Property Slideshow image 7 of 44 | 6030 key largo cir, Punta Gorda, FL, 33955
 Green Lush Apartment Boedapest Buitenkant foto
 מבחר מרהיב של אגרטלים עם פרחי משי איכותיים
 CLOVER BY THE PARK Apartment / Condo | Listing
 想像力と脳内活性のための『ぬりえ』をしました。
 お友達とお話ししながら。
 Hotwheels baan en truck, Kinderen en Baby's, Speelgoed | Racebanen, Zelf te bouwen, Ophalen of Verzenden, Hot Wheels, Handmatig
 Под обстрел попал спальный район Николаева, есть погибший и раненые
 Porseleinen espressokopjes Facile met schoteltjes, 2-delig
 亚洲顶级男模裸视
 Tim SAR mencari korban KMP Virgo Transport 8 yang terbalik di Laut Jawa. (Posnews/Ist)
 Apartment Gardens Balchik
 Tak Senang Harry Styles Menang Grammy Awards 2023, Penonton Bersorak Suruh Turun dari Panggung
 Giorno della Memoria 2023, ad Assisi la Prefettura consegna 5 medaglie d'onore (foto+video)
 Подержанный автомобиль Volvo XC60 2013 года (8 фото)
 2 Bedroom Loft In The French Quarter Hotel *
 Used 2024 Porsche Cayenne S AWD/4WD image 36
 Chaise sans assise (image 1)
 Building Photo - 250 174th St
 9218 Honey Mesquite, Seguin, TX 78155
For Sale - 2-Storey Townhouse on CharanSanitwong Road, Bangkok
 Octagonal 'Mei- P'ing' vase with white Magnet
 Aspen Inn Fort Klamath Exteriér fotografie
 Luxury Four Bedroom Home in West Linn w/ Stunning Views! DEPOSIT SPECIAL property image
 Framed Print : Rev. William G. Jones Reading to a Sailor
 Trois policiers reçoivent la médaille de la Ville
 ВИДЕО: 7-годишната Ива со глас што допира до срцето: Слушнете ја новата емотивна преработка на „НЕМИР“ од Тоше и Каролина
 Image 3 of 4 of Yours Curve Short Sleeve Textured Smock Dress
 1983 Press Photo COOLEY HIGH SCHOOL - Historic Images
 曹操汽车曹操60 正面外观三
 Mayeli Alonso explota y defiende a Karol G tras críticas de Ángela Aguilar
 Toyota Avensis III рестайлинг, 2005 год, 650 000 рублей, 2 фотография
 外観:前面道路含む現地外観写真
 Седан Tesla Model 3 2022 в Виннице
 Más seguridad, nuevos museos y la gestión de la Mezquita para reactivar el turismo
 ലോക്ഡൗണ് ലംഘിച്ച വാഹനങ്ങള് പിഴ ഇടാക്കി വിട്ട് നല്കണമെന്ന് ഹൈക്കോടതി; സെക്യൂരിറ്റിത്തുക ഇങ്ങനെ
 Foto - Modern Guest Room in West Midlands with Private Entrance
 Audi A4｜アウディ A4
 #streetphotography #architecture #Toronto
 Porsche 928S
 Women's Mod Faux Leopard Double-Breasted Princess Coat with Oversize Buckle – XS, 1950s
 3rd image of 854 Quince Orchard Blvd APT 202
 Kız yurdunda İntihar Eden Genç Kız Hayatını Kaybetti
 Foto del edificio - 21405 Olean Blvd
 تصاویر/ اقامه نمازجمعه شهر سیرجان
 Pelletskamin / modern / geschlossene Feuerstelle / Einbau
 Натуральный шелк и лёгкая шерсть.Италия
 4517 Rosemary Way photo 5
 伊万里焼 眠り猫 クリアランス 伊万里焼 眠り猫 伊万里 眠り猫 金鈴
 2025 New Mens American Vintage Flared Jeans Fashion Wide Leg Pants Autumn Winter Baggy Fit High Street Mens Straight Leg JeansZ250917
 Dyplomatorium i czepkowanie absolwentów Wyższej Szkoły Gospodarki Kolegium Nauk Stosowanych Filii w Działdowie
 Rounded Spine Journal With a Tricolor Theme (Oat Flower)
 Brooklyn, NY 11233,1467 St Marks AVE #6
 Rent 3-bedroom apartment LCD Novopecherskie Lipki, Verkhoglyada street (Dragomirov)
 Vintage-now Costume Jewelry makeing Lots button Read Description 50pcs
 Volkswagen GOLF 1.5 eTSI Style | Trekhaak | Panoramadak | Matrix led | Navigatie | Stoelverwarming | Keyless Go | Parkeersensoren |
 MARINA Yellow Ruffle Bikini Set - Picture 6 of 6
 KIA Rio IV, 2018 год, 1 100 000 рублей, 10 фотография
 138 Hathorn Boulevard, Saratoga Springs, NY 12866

**What needs to be done**
Would you please transcribe all of the entries above exactly?

**Solution to the exercise**
Property Slideshow image 7 of 44 | 6030 key largo cir, Punta Gorda, FL, 33955
 Green Lush Apartment Boedapest Buitenkant foto
 מבחר מרהיב של אגרטלים עם פרחי משי איכותיים
 CLOVER BY THE PARK Apartment / Condo | Listing
 想像力と脳内活性のための『ぬりえ』をしました。
 お友達とお話ししながら。
 Hotwheels baan en truck, Kinderen en Baby's, Speelgoed | Racebanen, Zelf te bouwen, Ophalen of Verzenden, Hot Wheels, Handmatig
 Под обстрел попал спальный район Николаева, есть погибший и раненые
 Porseleinen espressokopjes Facile met schoteltjes, 2-delig
 亚洲顶级男模裸视
 Tim SAR mencari korban KMP Virgo Transport 8 yang terbalik di Laut Jawa. (Posnews/Ist)
 Apartment Gardens Balchik
 Tak Senang Harry Styles Menang Grammy Awards 2023, Penonton Bersorak Suruh Turun dari Panggung
 Giorno della Memoria 2023, ad Assisi la Prefettura consegna 5 medaglie d'onore (foto+video)
 Подержанный автомобиль Volvo XC60 2013 года (8 фото)
 2 Bedroom Loft In The French Quarter Hotel *
 Used 2024 Porsche Cayenne S AWD/4WD image 36
 Chaise sans assise (image 1)
 Building Photo - 250 174th St
 9218 Honey Mesquite, Seguin, TX 78155
For Sale - 2-Storey Townhouse on CharanSanitwong Road, Bangkok
 Octagonal 'Mei- P'ing' vase with white Magnet
 Aspen Inn Fort Klamath Exteriér fotografie
 Luxury Four Bedroom Home in West Linn w/ Stunning Views! DEPOSIT SPECIAL property image
 Framed Print : Rev. William G. Jones Reading to a Sailor
 Trois policiers reçoivent la médaille de la Ville
 ВИДЕО: 7-годишната Ива со глас што допира до срцето: Слушнете ја новата емотивна преработка на „НЕМИР“ од Тоше и Каролина
 Image 3 of 4 of Yours Curve Short Sleeve Textured Smock Dress
 1983 Press Photo COOLEY HIGH SCHOOL - Historic Images
 曹操汽车曹操60 正面外观三
 Mayeli Alonso explota y defiende a Karol G tras críticas de Ángela Aguilar
 Toyota Avensis III рестайлинг, 2005 год, 650 000 рублей, 2 фотография
 外観:前面道路含む現地外観写真
 Седан Tesla Model 3 2022 в Виннице
 Más seguridad, nuevos museos y la gestión de la Mezquita para reactivar el turismo
 ലോക്ഡൗണ് ലംഘിച്ച വാഹനങ്ങള് പിഴ ഇടാക്കി വിട്ട് നല്കണമെന്ന് ഹൈക്കോടതി; സെക്യൂരിറ്റിത്തുക ഇങ്ങനെ
 Foto - Modern Guest Room in West Midlands with Private Entrance
 Audi A4｜アウディ A4
 #streetphotography #architecture #Toronto
 Porsche 928S
 Women's Mod Faux Leopard Double-Breasted Princess Coat with Oversize Buckle – XS, 1950s
 3rd image of 854 Quince Orchard Blvd APT 202
 Kız yurdunda İntihar Eden Genç Kız Hayatını Kaybetti
 Foto del edificio - 21405 Olean Blvd
 تصاویر/ اقامه نمازجمعه شهر سیرجان
 Pelletskamin / modern / geschlossene Feuerstelle / Einbau
 Натуральный шелк и лёгкая шерсть.Италия
 4517 Rosemary Way photo 5
 伊万里焼 眠り猫 クリアランス 伊万里焼 眠り猫 伊万里 眠り猫 金鈴
 2025 New Mens American Vintage Flared Jeans Fashion Wide Leg Pants Autumn Winter Baggy Fit High Street Mens Straight Leg JeansZ250917
 Dyplomatorium i czepkowanie absolwentów Wyższej Szkoły Gospodarki Kolegium Nauk Stosowanych Filii w Działdowie
 Rounded Spine Journal With a Tricolor Theme (Oat Flower)
 Brooklyn, NY 11233,1467 St Marks AVE #6
 Rent 3-bedroom apartment LCD Novopecherskie Lipki, Verkhoglyada street (Dragomirov)
 Vintage-now Costume Jewelry makeing Lots button Read Description 50pcs
 Volkswagen GOLF 1.5 eTSI Style | Trekhaak | Panoramadak | Matrix led | Navigatie | Stoelverwarming | Keyless Go | Parkeersensoren |
 MARINA Yellow Ruffle Bikini Set - Picture 6 of 6
 KIA Rio IV, 2018 год, 1 100 000 рублей, 10 фотография
 138 Hathorn Boulevard, Saratoga Springs, NY 12866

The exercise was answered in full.